The New York Times
May 15, 2004

Venezuela Threatens to Expel Foreign Election Monitors

By CHRISTOPHER MARQUIS
 
WASHINGTON, May 14 - Political turmoil in Venezuela is rising just two weeks before signers of a petition to recall President Hugo Chávez are required to stand by their signatures.

The latest dispute pits Venezuelan electoral authorities against the Organization of American States and the Carter Center, which were invited to oversee and validate the recall process.

A nasty fight erupted over a technical point this week, prompting the president of the National Electoral Council to threaten to expel the foreign monitors for supposedly being partial to the opposition groups seeking Mr. Chávez's ouster.

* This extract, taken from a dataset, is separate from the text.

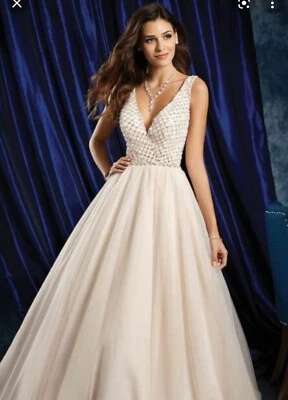 Vestido de novia Alfred Angelo rubor talla 4 estilo 972 Foto 1 de 3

Francisco Carrasquero, the president of the council, which is dominated by supporters of Mr. Chávez, demanded an apology from the observer groups for actions that Mr. Carrasquero said jeopardized their neutrality.

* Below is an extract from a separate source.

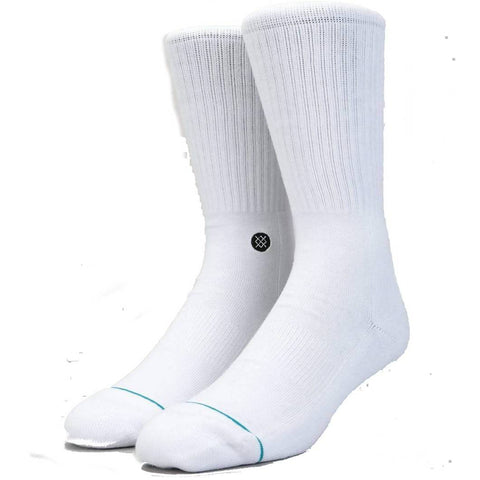 Stance Icon Crew Socks, White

But the O.A.S., a 34-nation hemispheric group, and the Atlanta-based Carter Center refused. Instead, they issued what they called a clarification of their position.

A Venezuelan official said Friday evening that both sides were trying to cool down the dispute, but two representatives of the monitors said they could still be expelled.

The dispute centers on whether Venezuelan petitioners will be allowed to withdraw their names - as the council insists - during the correction period.

The standoff is one of several developments this week that grabbed headlines and left many Venezuelans and foreign officials scratching their heads. In addition to the dispute with the election monitors, Mr. Chávez and his loyalists recently asserted that they had thwarted a foreign-backed coup, and his government ordered American military officials to leave Venezuelan bases.

Early in the week, the police raided a ranch outside Caracas, the capital, and arrested scores of Colombians dressed in Venezuelan military fatigues. The Colombians, who were not armed, appeared to be under the direction of Venezuelan officers involved in a plot to oust or kill Mr. Chávez, Venezuelan officials said.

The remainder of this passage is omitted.